• _TASK_: Each of the following records is to be output exactly.

(Data extracted from a collection)
[Start of Attachment]
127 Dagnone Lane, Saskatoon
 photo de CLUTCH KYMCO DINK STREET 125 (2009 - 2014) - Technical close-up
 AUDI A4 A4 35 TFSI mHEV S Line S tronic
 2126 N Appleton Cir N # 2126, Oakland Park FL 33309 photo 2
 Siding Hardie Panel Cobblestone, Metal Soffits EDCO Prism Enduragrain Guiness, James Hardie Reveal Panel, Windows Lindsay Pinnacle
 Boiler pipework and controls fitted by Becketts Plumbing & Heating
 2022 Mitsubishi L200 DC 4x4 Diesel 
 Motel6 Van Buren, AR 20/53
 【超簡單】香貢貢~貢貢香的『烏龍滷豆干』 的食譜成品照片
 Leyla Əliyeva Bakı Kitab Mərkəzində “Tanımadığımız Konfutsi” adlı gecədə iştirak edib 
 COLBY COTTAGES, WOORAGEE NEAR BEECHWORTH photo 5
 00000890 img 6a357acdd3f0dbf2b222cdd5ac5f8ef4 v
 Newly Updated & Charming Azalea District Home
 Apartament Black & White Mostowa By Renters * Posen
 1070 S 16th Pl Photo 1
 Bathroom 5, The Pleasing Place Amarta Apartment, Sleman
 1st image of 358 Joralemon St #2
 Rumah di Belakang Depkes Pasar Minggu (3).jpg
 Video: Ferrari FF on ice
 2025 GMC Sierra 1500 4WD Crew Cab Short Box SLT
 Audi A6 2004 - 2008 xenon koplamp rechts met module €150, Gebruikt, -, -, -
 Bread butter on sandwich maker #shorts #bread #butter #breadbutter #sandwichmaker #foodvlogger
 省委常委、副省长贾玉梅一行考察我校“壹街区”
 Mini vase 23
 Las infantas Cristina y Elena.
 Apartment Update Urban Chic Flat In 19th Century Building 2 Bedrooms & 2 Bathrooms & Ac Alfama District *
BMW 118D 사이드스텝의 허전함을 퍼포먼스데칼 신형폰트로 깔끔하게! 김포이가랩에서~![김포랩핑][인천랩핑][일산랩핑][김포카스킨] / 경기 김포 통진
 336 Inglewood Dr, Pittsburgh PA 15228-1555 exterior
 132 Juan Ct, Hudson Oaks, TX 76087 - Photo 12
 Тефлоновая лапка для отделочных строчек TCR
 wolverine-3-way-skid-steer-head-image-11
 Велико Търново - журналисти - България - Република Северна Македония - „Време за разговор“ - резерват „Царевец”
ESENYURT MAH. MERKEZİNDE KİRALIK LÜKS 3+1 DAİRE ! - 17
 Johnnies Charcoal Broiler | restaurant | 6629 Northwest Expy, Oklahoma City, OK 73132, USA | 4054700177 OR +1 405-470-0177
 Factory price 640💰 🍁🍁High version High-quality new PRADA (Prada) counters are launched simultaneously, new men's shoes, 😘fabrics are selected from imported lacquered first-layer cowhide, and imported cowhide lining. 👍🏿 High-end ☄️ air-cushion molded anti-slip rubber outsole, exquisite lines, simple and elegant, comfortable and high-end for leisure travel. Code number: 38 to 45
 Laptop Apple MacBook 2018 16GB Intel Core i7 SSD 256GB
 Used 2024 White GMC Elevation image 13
[End of Attachment]
• _TASK RESULT_:
127 Dagnone Lane, Saskatoon
 photo de CLUTCH KYMCO DINK STREET 125 (2009 - 2014) - Technical close-up
 AUDI A4 A4 35 TFSI mHEV S Line S tronic
 2126 N Appleton Cir N # 2126, Oakland Park FL 33309 photo 2
 Siding Hardie Panel Cobblestone, Metal Soffits EDCO Prism Enduragrain Guiness, James Hardie Reveal Panel, Windows Lindsay Pinnacle
 Boiler pipework and controls fitted by Becketts Plumbing & Heating
 2022 Mitsubishi L200 DC 4x4 Diesel 
 Motel6 Van Buren, AR 20/53
 【超簡單】香貢貢~貢貢香的『烏龍滷豆干』 的食譜成品照片
 Leyla Əliyeva Bakı Kitab Mərkəzində “Tanımadığımız Konfutsi” adlı gecədə iştirak edib 
 COLBY COTTAGES, WOORAGEE NEAR BEECHWORTH photo 5
 00000890 img 6a357acdd3f0dbf2b222cdd5ac5f8ef4 v
 Newly Updated & Charming Azalea District Home
 Apartament Black & White Mostowa By Renters * Posen
 1070 S 16th Pl Photo 1
 Bathroom 5, The Pleasing Place Amarta Apartment, Sleman
 1st image of 358 Joralemon St #2
 Rumah di Belakang Depkes Pasar Minggu (3).jpg
 Video: Ferrari FF on ice
 2025 GMC Sierra 1500 4WD Crew Cab Short Box SLT
 Audi A6 2004 - 2008 xenon koplamp rechts met module €150, Gebruikt, -, -, -
 Bread butter on sandwich maker #shorts #bread #butter #breadbutter #sandwichmaker #foodvlogger
 省委常委、副省长贾玉梅一行考察我校“壹街区”
 Mini vase 23
 Las infantas Cristina y Elena.
 Apartment Update Urban Chic Flat In 19th Century Building 2 Bedrooms & 2 Bathrooms & Ac Alfama District *
BMW 118D 사이드스텝의 허전함을 퍼포먼스데칼 신형폰트로 깔끔하게! 김포이가랩에서~![김포랩핑][인천랩핑][일산랩핑][김포카스킨] / 경기 김포 통진
 336 Inglewood Dr, Pittsburgh PA 15228-1555 exterior
 132 Juan Ct, Hudson Oaks, TX 76087 - Photo 12
 Тефлоновая лапка для отделочных строчек TCR
 wolverine-3-way-skid-steer-head-image-11
 Велико Търново - журналисти - България - Република Северна Македония - „Време за разговор“ - резерват „Царевец”
ESENYURT MAH. MERKEZİNDE KİRALIK LÜKS 3+1 DAİRE ! - 17
 Johnnies Charcoal Broiler | restaurant | 6629 Northwest Expy, Oklahoma City, OK 73132, USA | 4054700177 OR +1 405-470-0177
 Factory price 640💰 🍁🍁High version High-quality new PRADA (Prada) counters are launched simultaneously, new men's shoes, 😘fabrics are selected from imported lacquered first-layer cowhide, and imported cowhide lining. 👍🏿 High-end ☄️ air-cushion molded anti-slip rubber outsole, exquisite lines, simple and elegant, comfortable and high-end for leisure travel. Code number: 38 to 45
 Laptop Apple MacBook 2018 16GB Intel Core i7 SSD 256GB
 Used 2024 White GMC Elevation image 13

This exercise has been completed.